The planning horizon for most cash market participants ranges from a few days to several months. In addition, as hedgers in the futures markets, most cash market participants monitor daily futures market price movements. Many speculators monitor and trade price movements that range from less than a second to several hours.
This difference in time perspective among economic theory, empirical analysis, cash market participants, and futures market speculators raises some interesting questions. During times of stable prices, the differences in planning horizons and trading objectives may not be obvious. The interaction of futures markets and cash markets seems to work smoothly. However, during times of extreme uncertainty, like the Russian invasion of Ukraine, differences in planning horizons, trading objectives, and availability of information result in different response times. In other words, the implications of new information on futures market prices, where planning horizons can be short and there is high liquidity of standardized contracts, can be different than cash market prices, where planning horizons are longer, liquidity is lower, and contracts are fully negotiated. These differences can lead to lower price correlations between cash and futures market prices.
Agricultural commodity markets continue to evolve and become more complex. The integration of U.S. agricultural products into the global economy—combined with competing uses for food, feed, fiber, and fuel—have increased the number, frequency, and impact of exogenous shocks to agricultural commodity markets. Traditional theoretical models suggest that price stabilization attained through stockholding activities leads to a net welfare improvement to society, but there are gainers and losers from price stabilization policies. Moreover, the effectiveness and cost of alternative price stabilizing systems—like domestic and international policies, inventory management practices, and supply chain coordination—have not been fully explored. To ensure more credible and testable theory, more complex theoretical models reflecting new realities in commodity trading, including relevant technological developments (e.g., algorithmic trading or order filling algorithms), institutional factors (e.g., impacts of USDA or other scheduled reports), and changed philosophy of farm policy relevant to commodity markets are needed. Extreme price shocks can lead to irreversible negative welfare shocks when existing coping mechanisms are diminished or fail (Tröster, 2018). In combination, this can set in motion a downward spiral of rising vulnerability, with fragile systems and actors (e.g., farmers in food systems) most affected. Therefore, policies to cope with commodity price volatility, such as direct price controls or mitigation of consequences, can have critical stabilizing functions supporting farmers’ welfare and regional (rural) development (Goetz, Miljkovic, and Barabanov, 2021).

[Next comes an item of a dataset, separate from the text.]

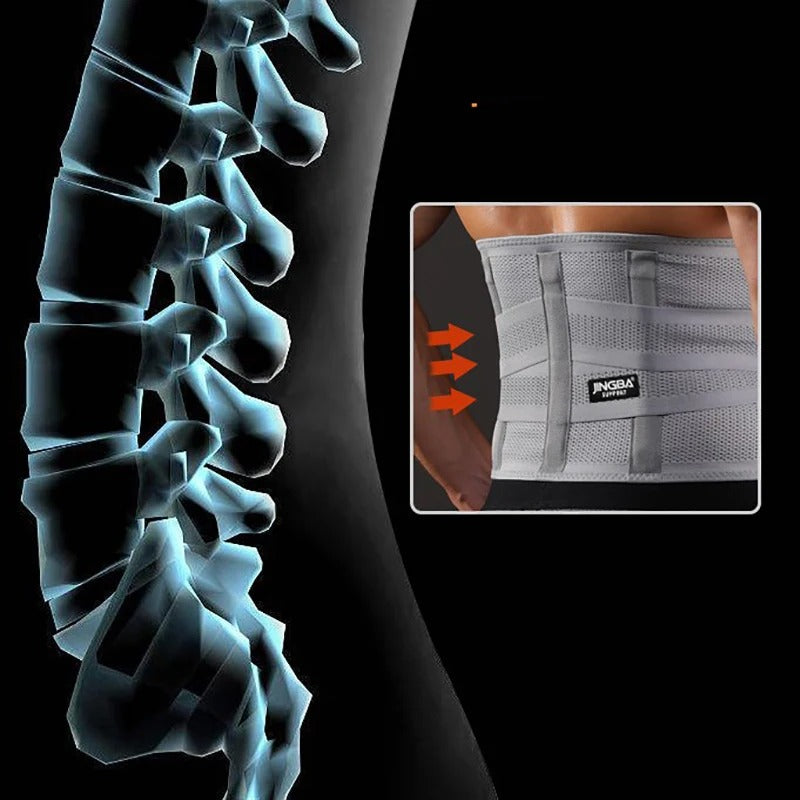 Lumbar Support Back Brace | Adjustable Stabilizing, Breathable & Low-Profile for Chronic Back Pain Relief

Empirical analysis of the role futures markets play in cash market price stabilization or destabilization is also not definitive. Access to quality cash market datasets and accurate inventory levels is always a challenge, but private data sources for cash market price bids are becoming more accessible. A focus on not only spot market but also on forward pricing opportunities in both cash and futures markets may provide additional insights regarding the ability of cash market participants to manage price risk and adjust to changing conditions in an efficient way. And finally, combining modern empirical analysis with event studies of extreme market shocks may provide a more robust analysis of how market participants, both producers and consumers, adjust to price instability.